WORK REQUEST: The answer must consist solely of the lines from the opening line of the entries through the line with "in Los Angeles", transcribed exactly and without any pictures.

INPUT:
· · · · ·

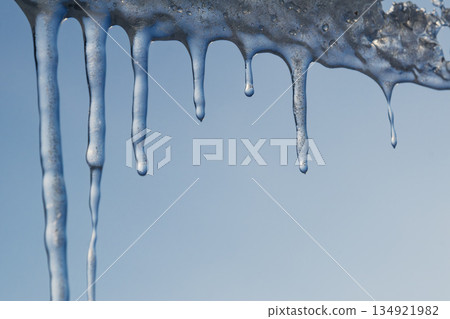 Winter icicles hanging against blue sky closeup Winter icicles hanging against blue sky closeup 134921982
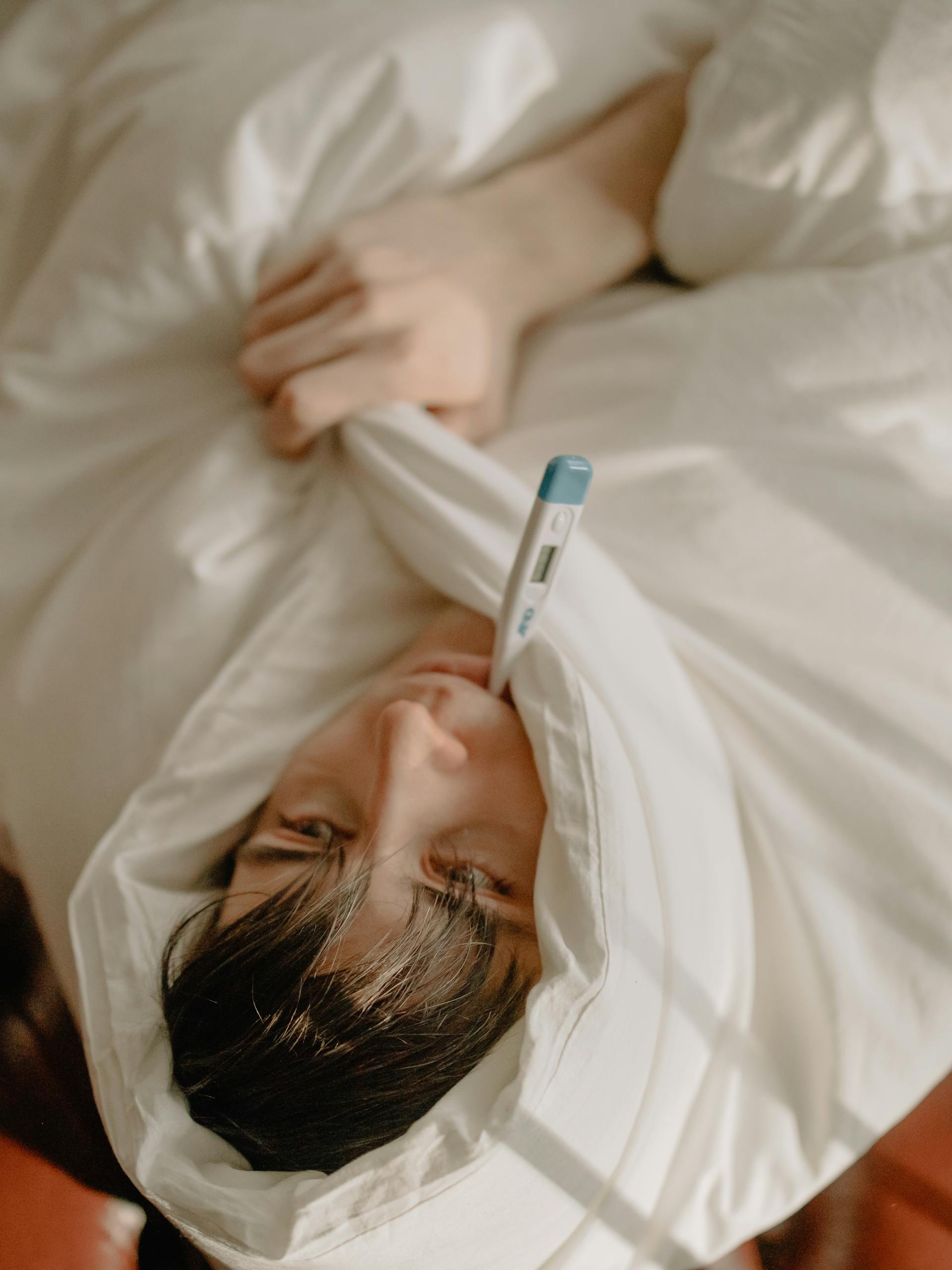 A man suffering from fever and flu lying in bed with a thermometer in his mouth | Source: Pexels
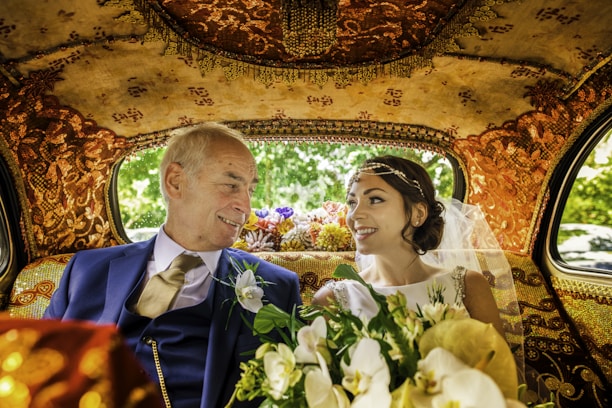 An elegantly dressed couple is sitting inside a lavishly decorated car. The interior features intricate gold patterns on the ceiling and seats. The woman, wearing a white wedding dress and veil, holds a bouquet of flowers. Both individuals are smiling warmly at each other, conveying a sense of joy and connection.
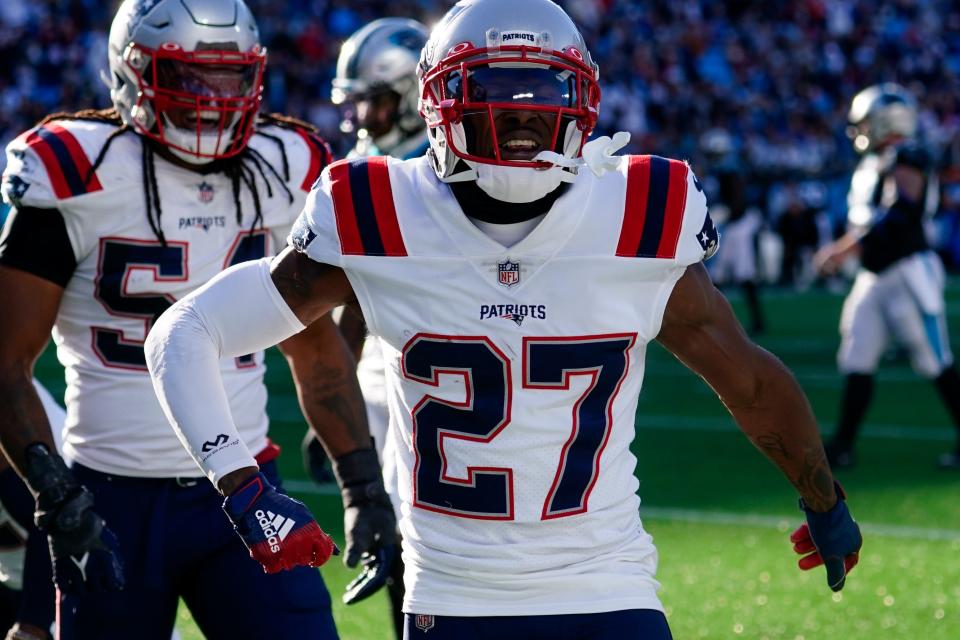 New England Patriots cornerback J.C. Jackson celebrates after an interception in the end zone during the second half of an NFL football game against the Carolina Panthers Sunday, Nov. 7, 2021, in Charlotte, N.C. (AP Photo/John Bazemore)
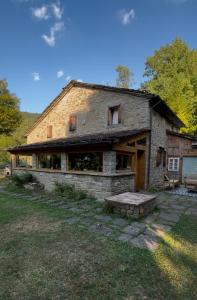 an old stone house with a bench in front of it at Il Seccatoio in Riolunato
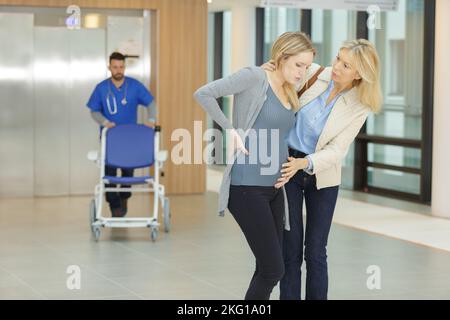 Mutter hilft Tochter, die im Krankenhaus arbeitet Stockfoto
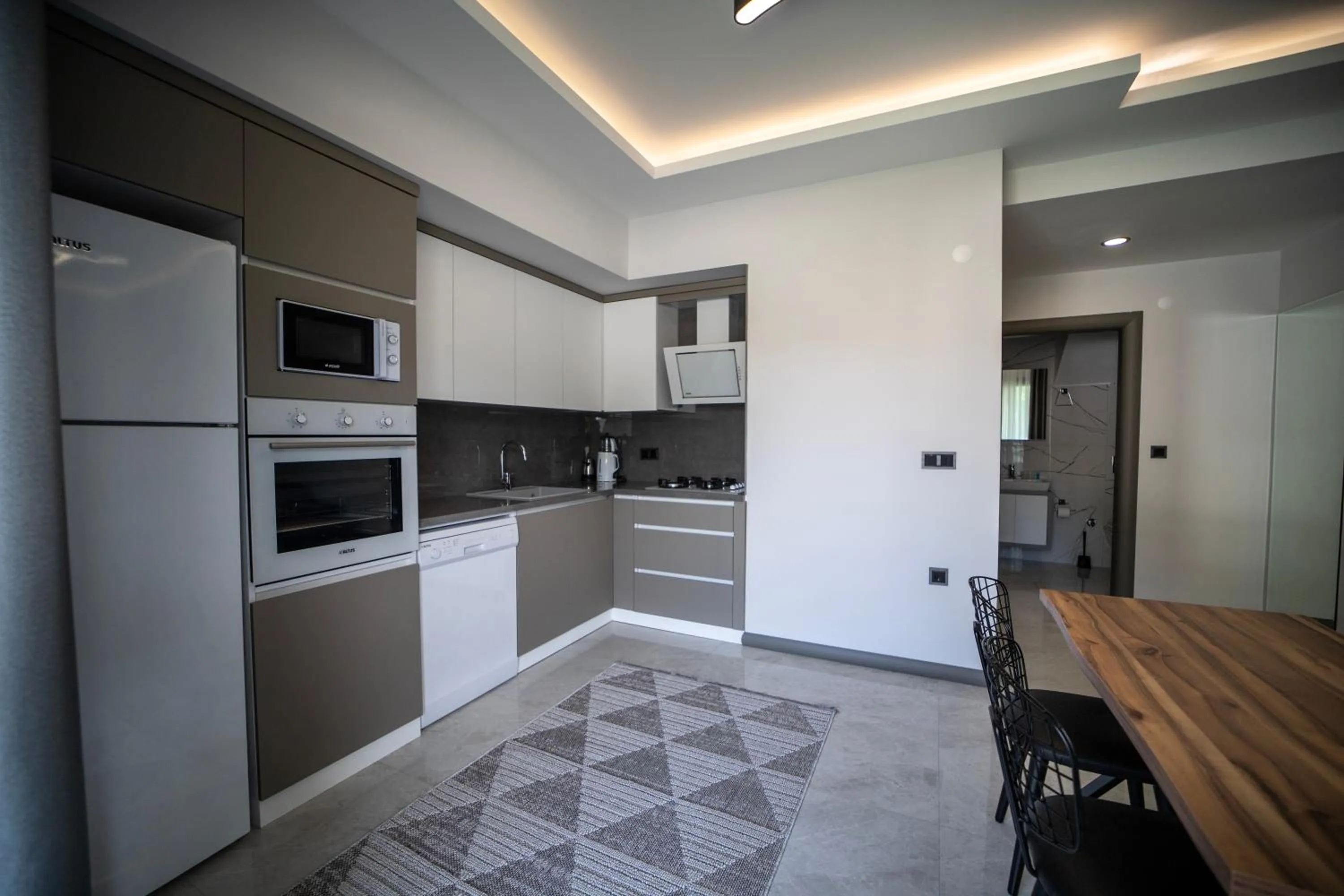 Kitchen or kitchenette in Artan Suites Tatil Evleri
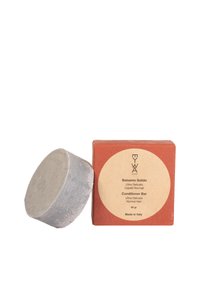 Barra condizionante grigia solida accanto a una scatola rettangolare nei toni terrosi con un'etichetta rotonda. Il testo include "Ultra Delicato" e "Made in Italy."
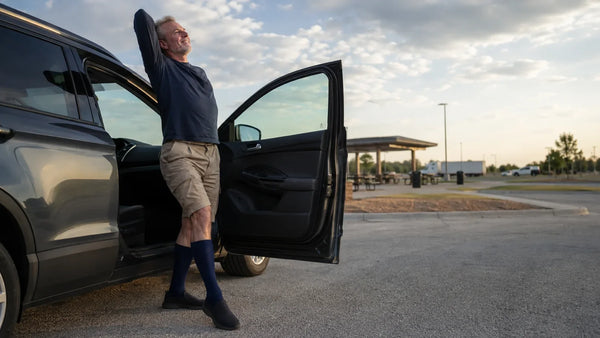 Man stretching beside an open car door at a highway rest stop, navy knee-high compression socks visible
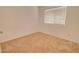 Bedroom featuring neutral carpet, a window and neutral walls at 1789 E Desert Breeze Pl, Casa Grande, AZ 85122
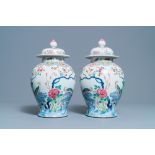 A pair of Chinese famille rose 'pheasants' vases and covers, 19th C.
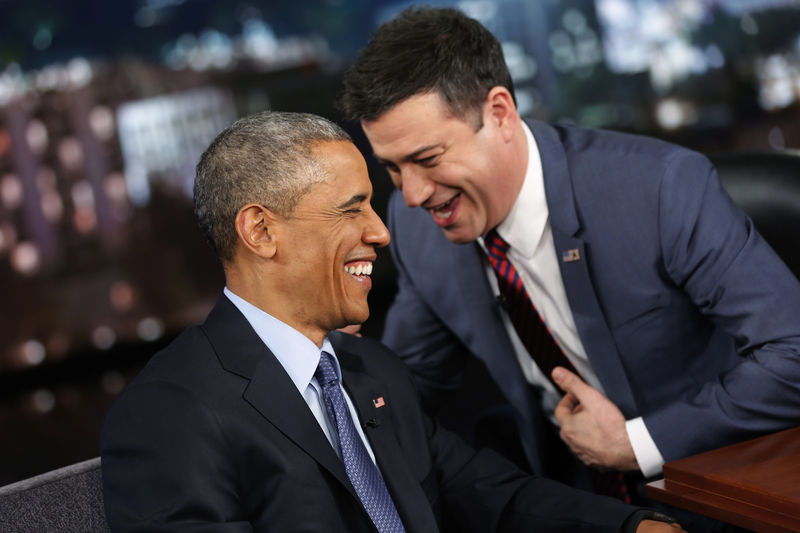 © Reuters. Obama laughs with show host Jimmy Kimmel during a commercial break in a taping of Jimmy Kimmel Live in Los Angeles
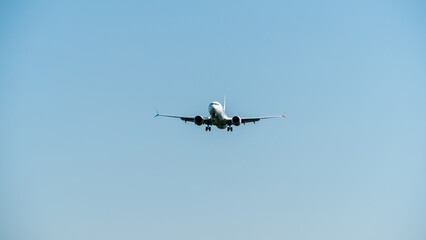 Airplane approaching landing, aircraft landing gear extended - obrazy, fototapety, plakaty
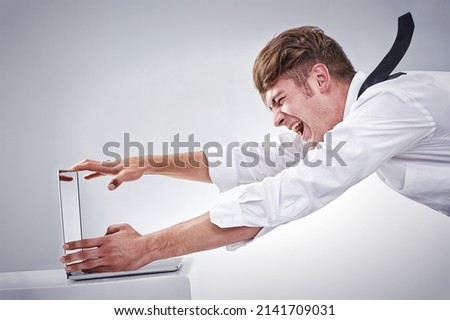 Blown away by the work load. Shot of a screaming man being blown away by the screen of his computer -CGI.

· · · · ·

OUTPUT OF THE TASK:
 Winter icicles hanging against blue sky closeup Winter icicles hanging against blue sky closeup 134921982
 A man suffering from fever and flu lying in bed with a thermometer in his mouth | Source: Pexels
 An elegantly dressed couple is sitting inside a lavishly decorated car. The interior features intricate gold patterns on the ceiling and seats. The woman, wearing a white wedding dress and veil, holds a bouquet of flowers. Both individuals are smiling warmly at each other, conveying a sense of joy and connection.
 New England Patriots cornerback J.C. Jackson celebrates after an interception in the end zone during the second half of an NFL football game against the Carolina Panthers Sunday, Nov. 7, 2021, in Charlotte, N.C. (AP Photo/John Bazemore)
 an old stone house with a bench in front of it at Il Seccatoio in Riolunato
 Mutter hilft Tochter, die im Krankenhaus arbeitet Stockfoto
 Kitchen or kitchenette in Artan Suites Tatil Evleri
 Barra condizionante grigia solida accanto a una scatola rettangolare nei toni terrosi con un'etichetta rotonda. Il testo include "Ultra Delicato" e "Made in Italy."
 Man stretching beside an open car door at a highway rest stop, navy knee-high compression socks visible
 Bedroom featuring neutral carpet, a window and neutral walls at 1789 E Desert Breeze Pl, Casa Grande, AZ 85122
 A pair of Chinese famille rose 'pheasants' vases and covers, 19th C.
 © Reuters. Obama laughs with show host Jimmy Kimmel during a commercial break in a taping of Jimmy Kimmel Live in Los Angeles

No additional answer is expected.